## Description of the task
After finding the line that holds "AUDEMARS PIGUET-ROYAL OAK-REF.15400ST.OO.1220ST.02-41MM" below, set down that line and the rest through the final one exactly, leaving the pictures out.

## Data excerpt
--------------------

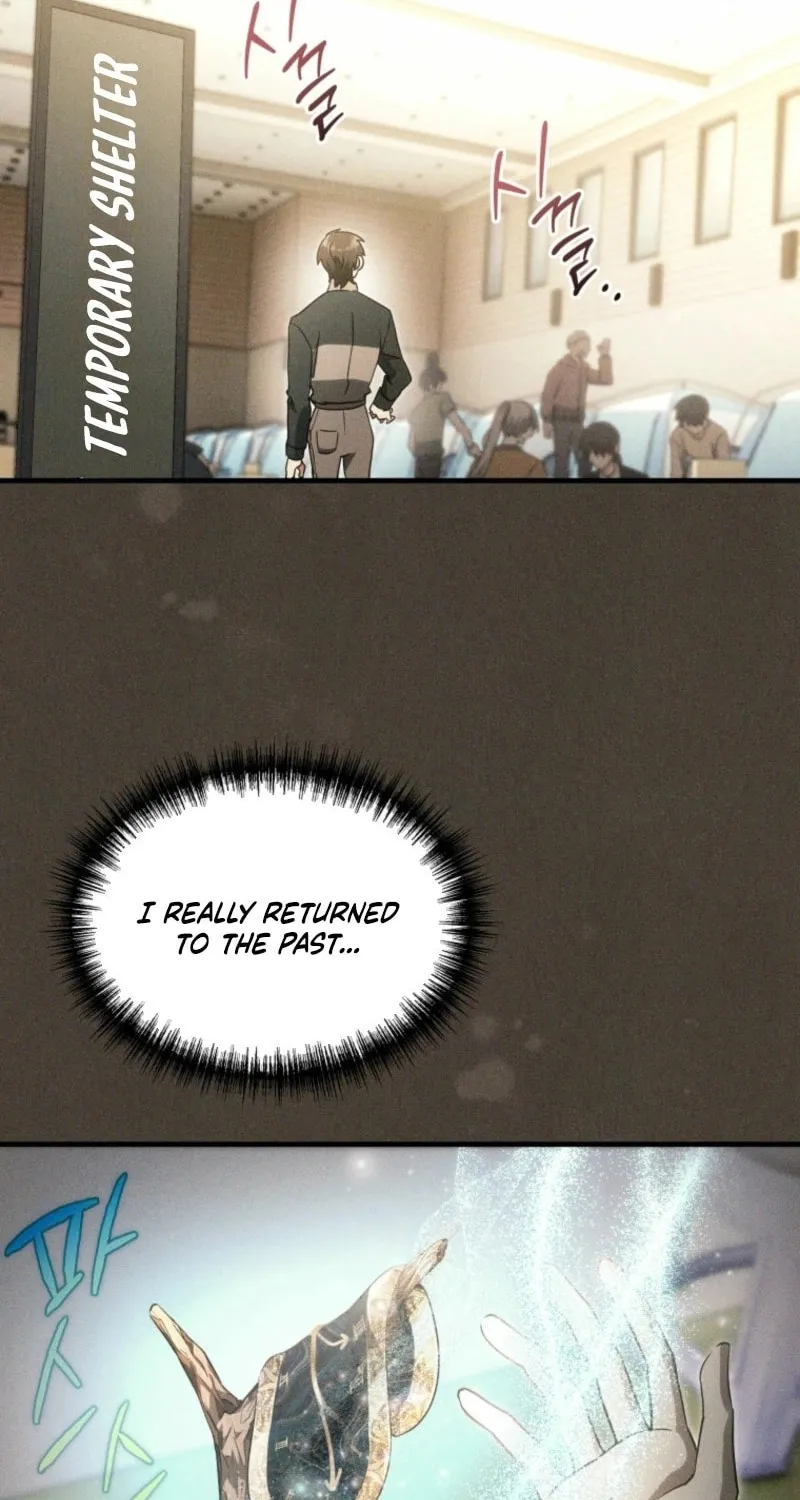 Even Today, the Ranker Dreams of Retirement Chapter 2 page 74 - 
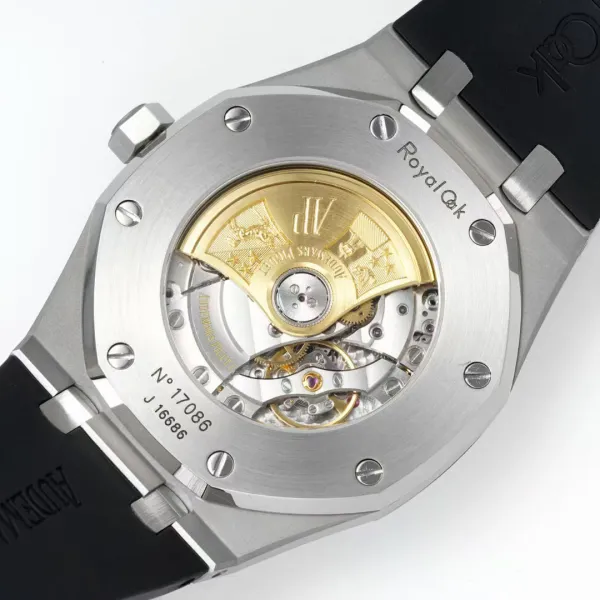 AUDEMARS PIGUET-ROYAL OAK-REF.15400ST.OO.1220ST.02-41MM - Image 9
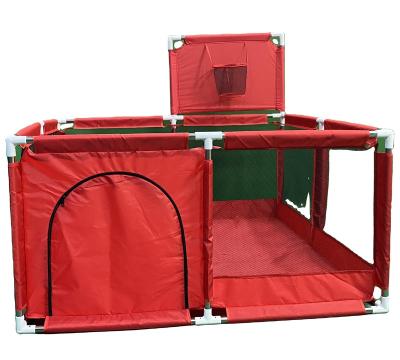 China Large Modern Latest Style Kids Play Yard Playpen Safety Baby Playpen Kids Activity for sale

--------------------

## Exercise output
 AUDEMARS PIGUET-ROYAL OAK-REF.15400ST.OO.1220ST.02-41MM - Image 9
 China Large Modern Latest Style Kids Play Yard Playpen Safety Baby Playpen Kids Activity for sale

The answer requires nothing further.